■ **WORK INSTRUCTIONS**
Write out the records below exactly as they appear, skipping each picture.

Crawled caption data:
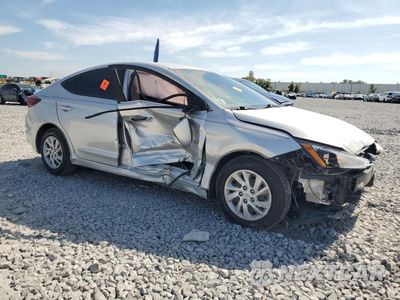 Czwarte zdjęcie samochodu z boku: 2019 HYUNDAI ELANTRA SE VIN:5NPD74LF3KH452891 - miniatura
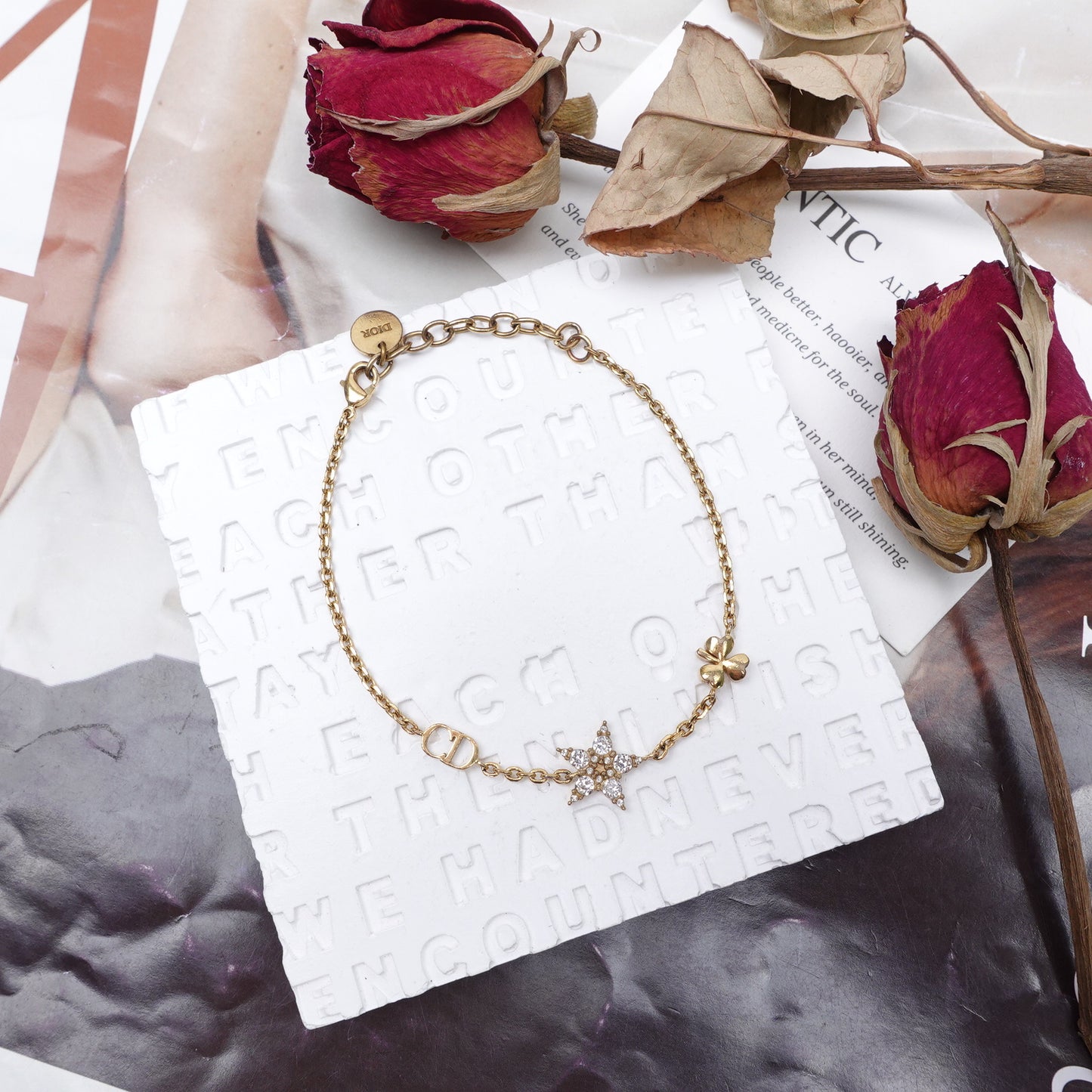 Pre-Owned Dior Glodtone Metal&Crystal CD Star Bracelet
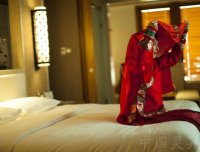 如梦如幻:北京酒店里半夜唱戏的声音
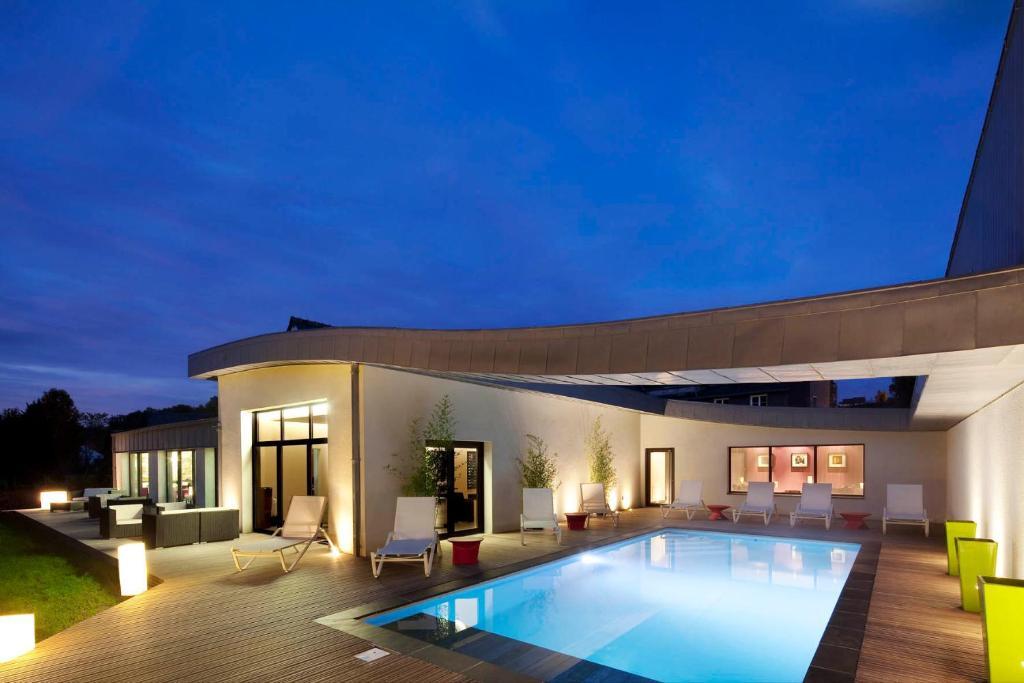 L'Aubiniere Hotel Restaurant & Spa Saint-Ouen-les-Vignes Εξωτερικό φωτογραφία
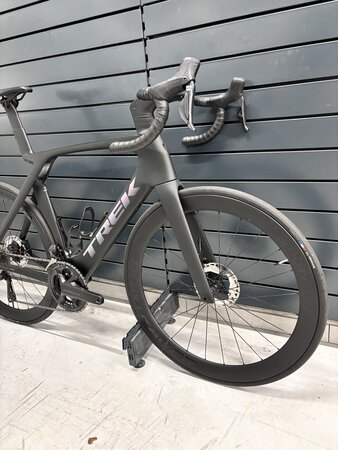 Testovaný bicykel Trek Madone SLR 7 Gen 7 Deep Smoke 2024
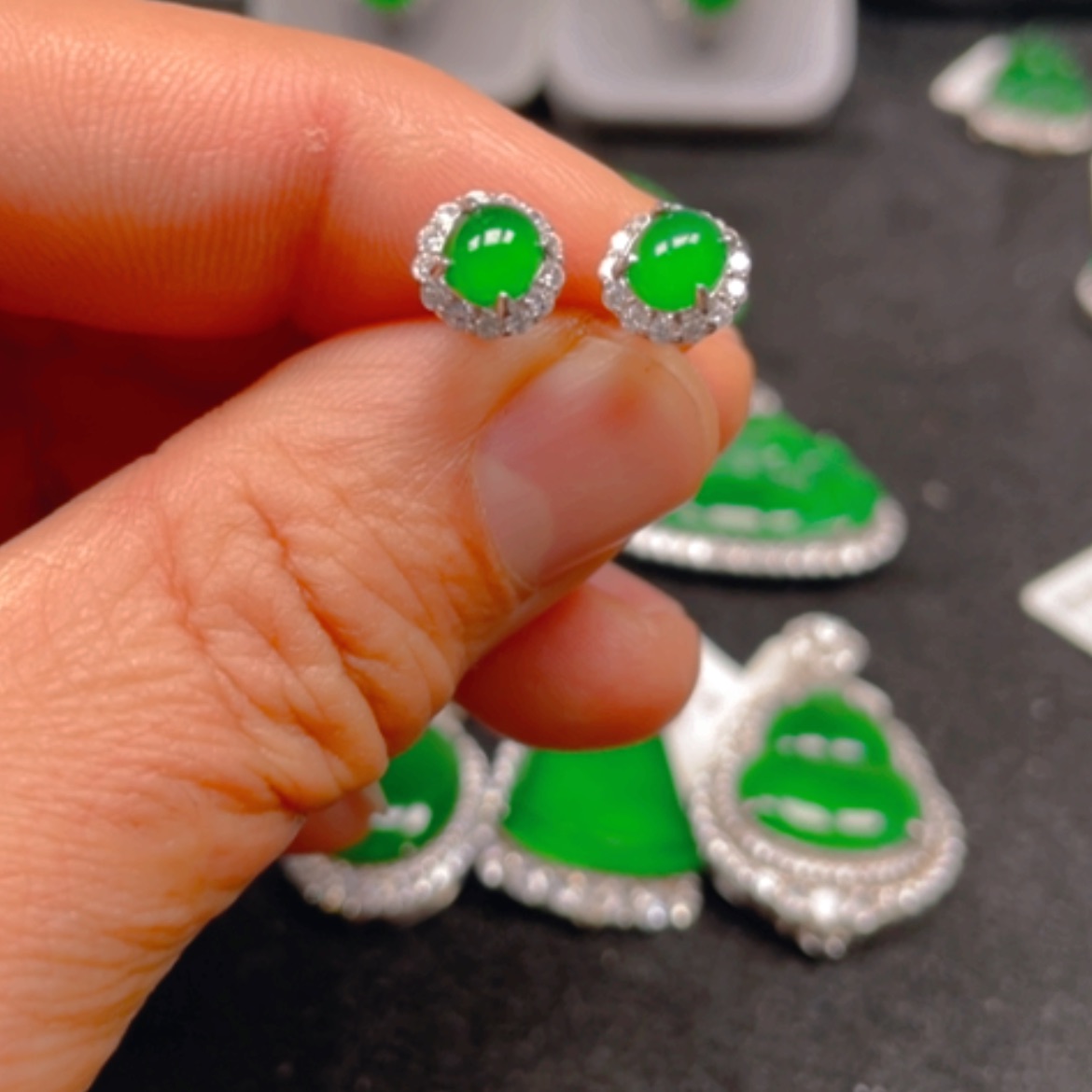 【闪购商品】翡翠颈饰银S925镶嵌耳钉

■ **ANSWER TO THIS TASK**
 Czwarte zdjęcie samochodu z boku: 2019 HYUNDAI ELANTRA SE VIN:5NPD74LF3KH452891 - miniatura
 Pre-Owned Dior Glodtone Metal&Crystal CD Star Bracelet
 如梦如幻:北京酒店里半夜唱戏的声音
 L'Aubiniere Hotel Restaurant & Spa Saint-Ouen-les-Vignes Εξωτερικό φωτογραφία
 Testovaný bicykel Trek Madone SLR 7 Gen 7 Deep Smoke 2024
 【闪购商品】翡翠颈饰银S925镶嵌耳钉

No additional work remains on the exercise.